Our present study on the rates of emergency lower extremity amputation among Medicare beneficiaries in the United States has two principal findings. First, there is wide variation in the emergency rates of lower extremity amputation ranging from 3.7% to 90%. Second, we found that travel distance has an inverse relationship to emergency lower extremity amputation rates. Taken together, these findings suggest variable access to essential vascular care and underscores the need to improve surgical access for these patients.

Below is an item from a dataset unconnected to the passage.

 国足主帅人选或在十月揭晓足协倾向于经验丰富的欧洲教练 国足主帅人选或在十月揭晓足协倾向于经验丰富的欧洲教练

Prior work has evaluated rates of emergency surgery for access-sensitive surgical conditions as a measure of access. For example, patients from a more socially vulnerable population experienced worse postoperative outcomes following unplanned surgery for multiple access-sensitive surgical conditions.6 The authors propose that those living in more vulnerable neighborhoods experience delays in care secondary to structural barriers and have multiple factors that contribute to the location care is provided. Furthermore, several studies have demonstrated that transportation barriers lead to decreased healthcare access and worse outcomes.14 While this seems intuitively plausible, our present study contrasts this work by finding that patients who live closer to the hospital at which they received care are more likely to undergo an emergency lower extremity amputation.

While our study cannot determine the exact mechanisms underlying the differences in emergency lower extremity amputation rates, our data suggest at least a few possibilities. First, patients in the highest emergency amputation rate quintile were more likely to carry a diagnosis of diabetes. As poorly controlled diabetes is part of the disease process that can lead to ultimate amputation, these findings raise concern that patients may be presenting later on in their disease process secondary to poor endocrinologic care. In fact, prior work has addressed concerns about diabetes control and the number of available providers in an area.15 Second, our data identified that patients with higher emergency amputation rates were disproportionately Black beneficiaries. This finding builds on several prior studies and raises concern about potential structural disadvantages that prevent patients who identify as Black to access elective care.16,17 18 This is further underscored by our additional findings that travel distance was inversely related to rates of emergency surgery and that patients who underwent an emergent amputation were more likely to live in the Northeast or South. This highlights that part of the influence in this variation may be attributable to geographic location, specifically differences in urban versus rural locations, which is considered a social determinant of health.19,20 Taken together, there are likely several mechanisms at play further upstream in the care delivery process that require further investigations.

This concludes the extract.